Repeat the data that follows exactly, starting at the line with "el boyaması - cam kadeh" and ending at the line with "Male Definition Hooded Sweatshirt", and leave out every picture.

* [Data to examine]
****************

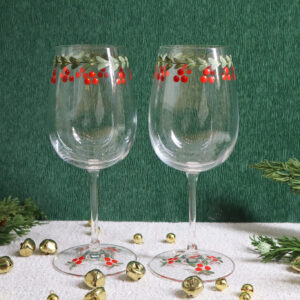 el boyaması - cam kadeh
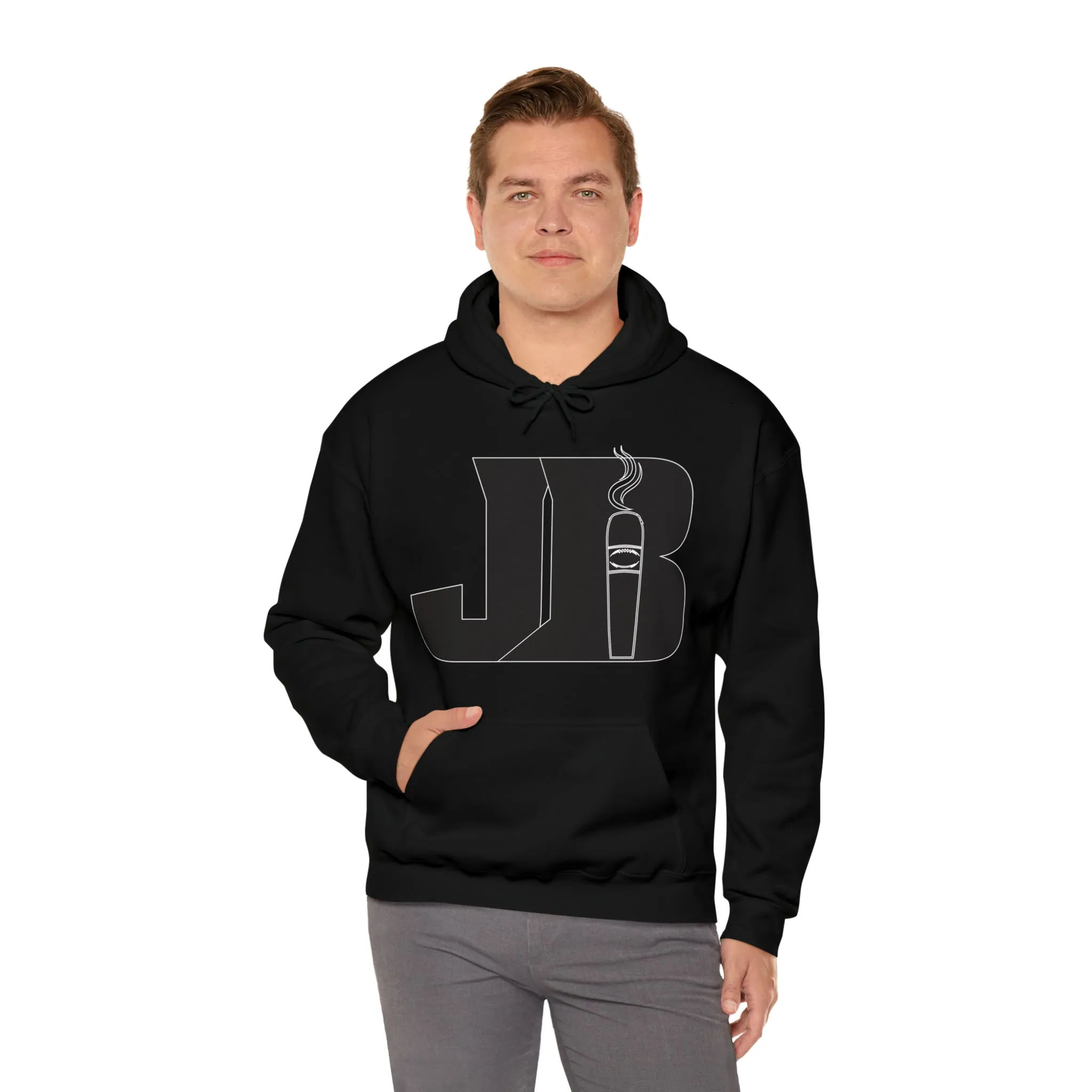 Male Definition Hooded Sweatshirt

****************

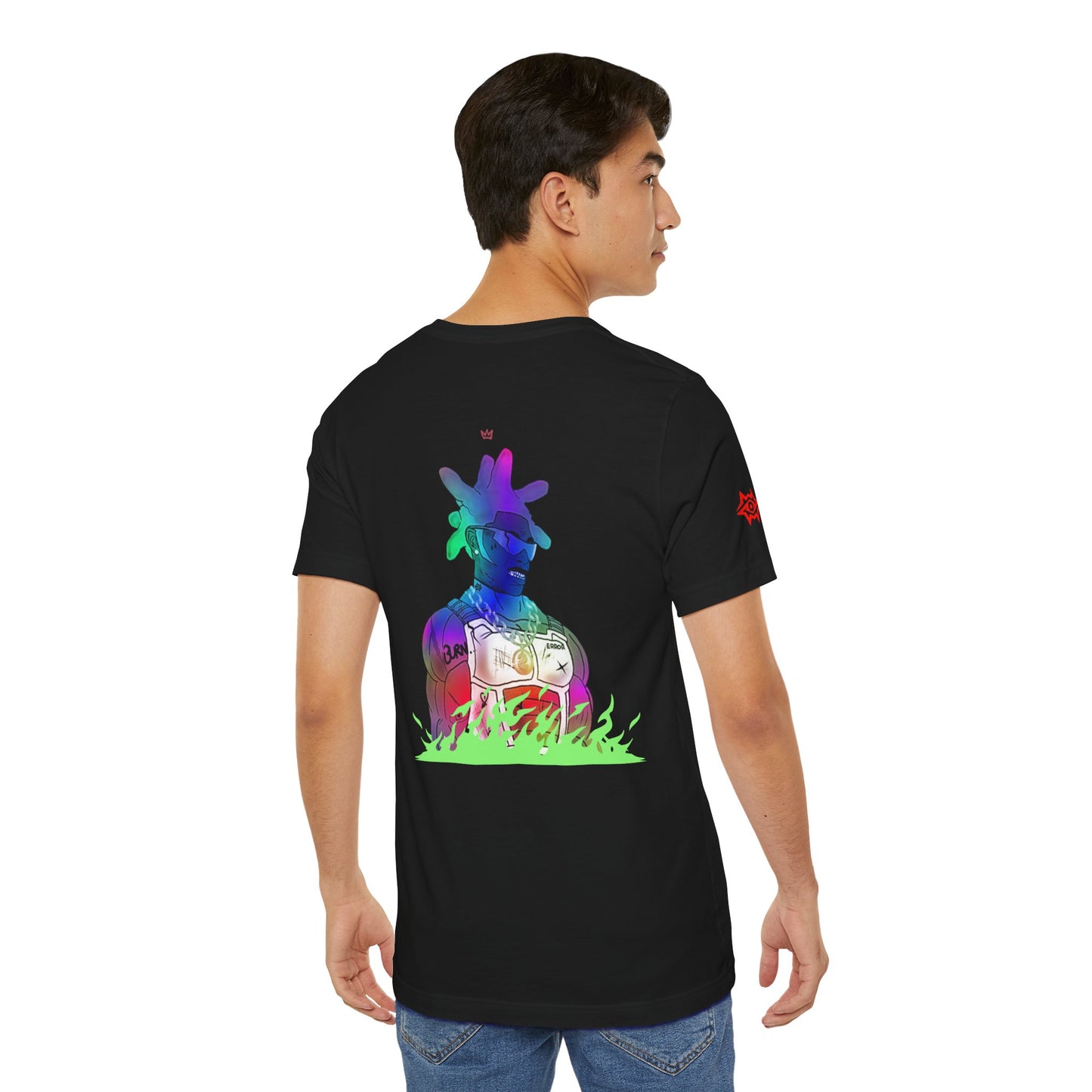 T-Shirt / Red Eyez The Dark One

****************

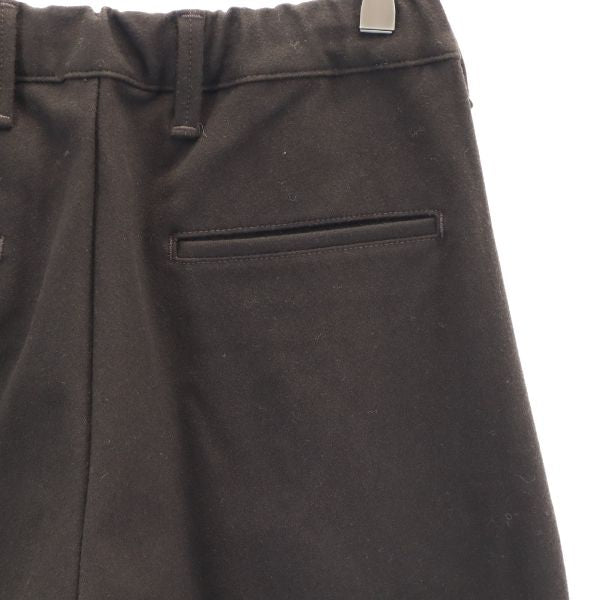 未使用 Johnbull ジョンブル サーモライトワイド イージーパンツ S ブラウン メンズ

****************

* [Solution to this exercise]
 el boyaması - cam kadeh
 Male Definition Hooded Sweatshirt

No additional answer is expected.